Posted On 23 Sep 2013
By :


By Dennis Taylor

AMSTERDAM – Cross-border taxation and offshore banking were two of the topics attorneys attempted to demystify Saturday afternoon during the Webmaster Access adult industry business conference. Do American businesses need to collect and pay European taxes? Do any safe offshore banking havens remain? Well … yes and no.

Although Vahe Gevorgyan from Prospectacy was unable to participate as expected, attorneys Michael Fattorosi and Trieu Hoang were present. The legal eagles had only one hour in which to explore their topics, but they gave the standing-room-only audience, split evenly between Americans and Europeans, quite a bit to consider.

Hoang, the attorney for Amsterdam-based AbbyWinters.com, opened with a brief presentation about the European Union’s value-added tax (VAT), which applies to all electronic goods and services. According to Hoang, all businesses, even those located outside the EU, must collect and pay VAT for customers residing in the EU.

Audience members repeatedly challenged Hoang to explain why American businesses should care about EU taxes, considering it’s not clear what penalties they may face for failure to comply with extraterritorial tax laws. How would EU authorities even begin to ascertain what taxes might be due?

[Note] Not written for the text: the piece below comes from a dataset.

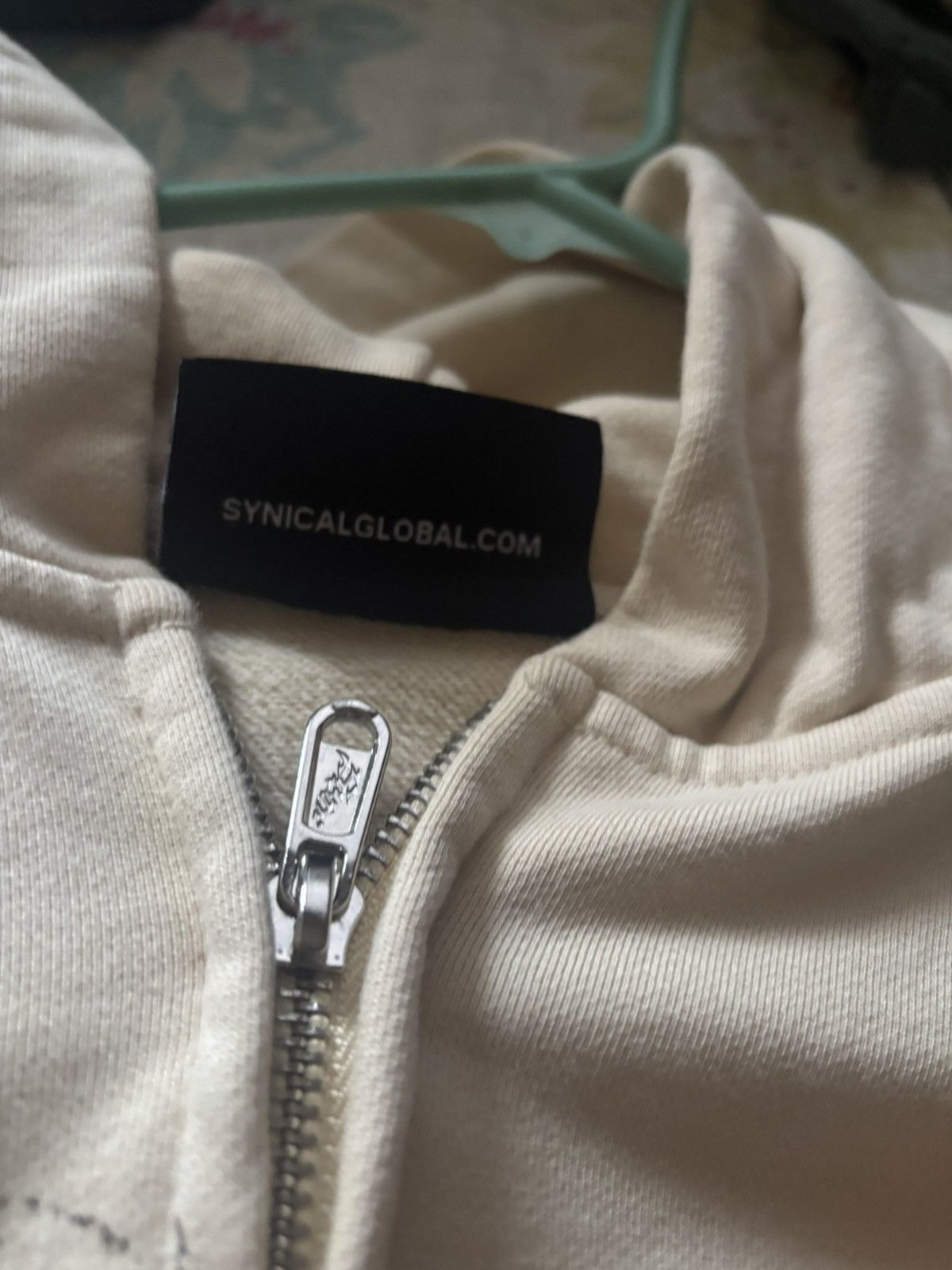 SYNICAL Syncial zip up hoodie Size US L / EU 52-54 / 3 - 3 Thumbnail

Speaking with a slight Australian accent, Hoang revealed American businesses that do not follow EU tax rules could find themselves in a difficult spot if they later chose to expand their banking into EU countries. He also opined that American companies may face continual harassment from EU authorities, possibly with assistance from the American Internal Revenue Service. Apparently, taxing authorities do communicate.

Since VAT rates vary in different EU jurisdictions, the question of which rates to pay was discussed at some length. Multiple scenarios make paying VAT somewhat complicated, Hoang noted.

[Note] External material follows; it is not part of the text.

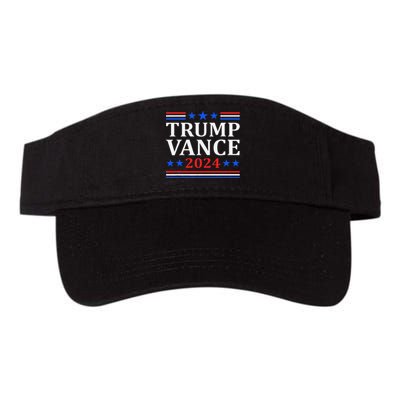 Trump Vance 2024 President And Vp Election Valucap Bio-Washed Visor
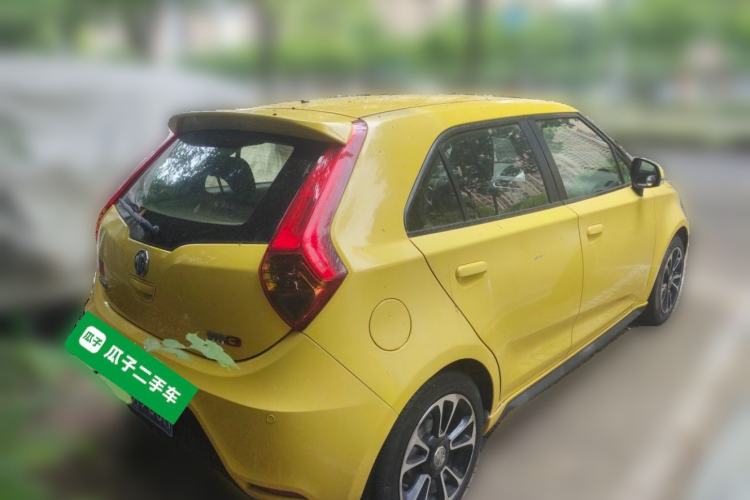 Used MG 3 2014 1.5L Manual Elite Edition Rear Right 45 Deg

For example, existing law requires EU companies based in the Netherlands to collect VAT from all customers at the rate applicable in the Netherlands, regardless where in the EU customers are based. Complicating matters, no VAT is due when an EU company sells to a customer who resides outside the EU, but when a business outside the EU sells to customers inside the EU, the customer’s location determines the VAT rate. Therefore, if an American business sells products or services (website memberships or video on demand, for example) to a customer who resides in France, the American business is liable for collecting and paying VAT at the French rate.

Confused yet?

Changes designed to simplify VAT collection and payment are slated to take effect in 2015. When they do, the buyer’s location will be the determining rate factor throughout the EU.

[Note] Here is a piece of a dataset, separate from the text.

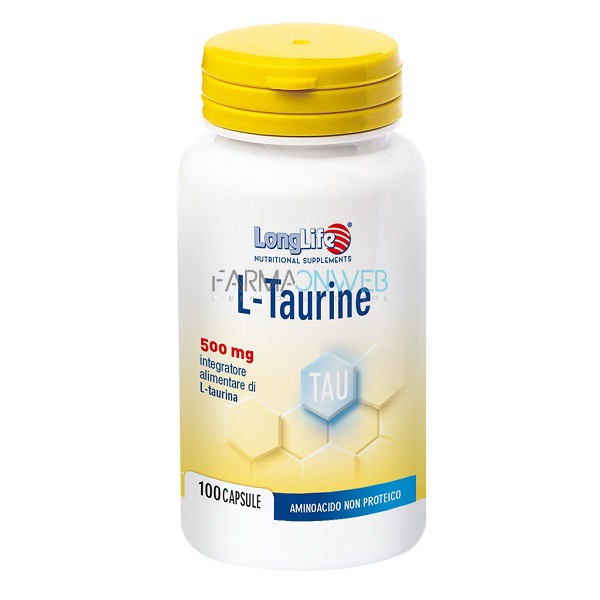 Longlife L-Taurine 100 capsule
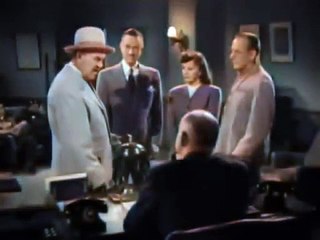 Charlie Chan  - Dark Alibi  - colorized part 2/2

Do current VAT laws mean businesses need to register and pay VAT taxes in every EU jurisdiction? No, Hoang said. Companies may choose just one EU jurisdiction in which to register, and it’s up to the tax authorities in that jurisdiction to collect the company’s payments and distribute them appropriately to every jurisdiction in which the company does business.

That said, businesses do need to track and report their customers’ locations so the proper VAT rates can be applied to each transaction. Location information often can be supplied by a company’s billing provider, according to Hoang. An Epoch.com representative in the audience confirmed Hoang’s assertion.

U.S.-based attorney Michael Fattorosi took up the topic of offshore banking and tax havens.

According to Fattorosi, 30 percent of the world’s wealth currently resides in offshore tax havens. The usefulness of such havens is changing, he noted, because a U.S.-led crackdown on banking secrecy laws around the world has resulted in banks providing details about their customers to U.S. authorities. EU countries have followed the U.S.’s lead, he said, placing additional pressure on banks in traditional tax havens.

The result? Fattorosi said there are few banks left in the world where someone can deposit money and not have to worry about bankers sending information to his or her home country.

“If you have an offshore account, you should probably divulge that information because of potential penalties and what could end up happening to your money,” said Fattorosi.

Some countries have not yet begun sharing information, he added, pointing to Austria, Singapore and Hong Kong, though the latter two have seen increases in transactions in recent years and eventually may bow to pressure. Fattorosi also mentioned Panama as a great banking option — for Panama corporations.

“Over the next five years, you’ll see fewer countries willing to touch [offshore banking],” he warned.

Fattorosi also advised the audience to consider the stability of the economy in any country where they bank, mentioning the recent economic troubles in Cyprus as an example of what can go wrong if a company or individual puts money in a country that experiences an economic collapse.

He pointed out that singer Tina Turner recently renounced her U.S. citizenship in favor of Switzerland, apparently for tax reasons, and he advised that if an individual really wants to hide his or her wealth from one country, such as the United States, that person may have to change citizenship to do it.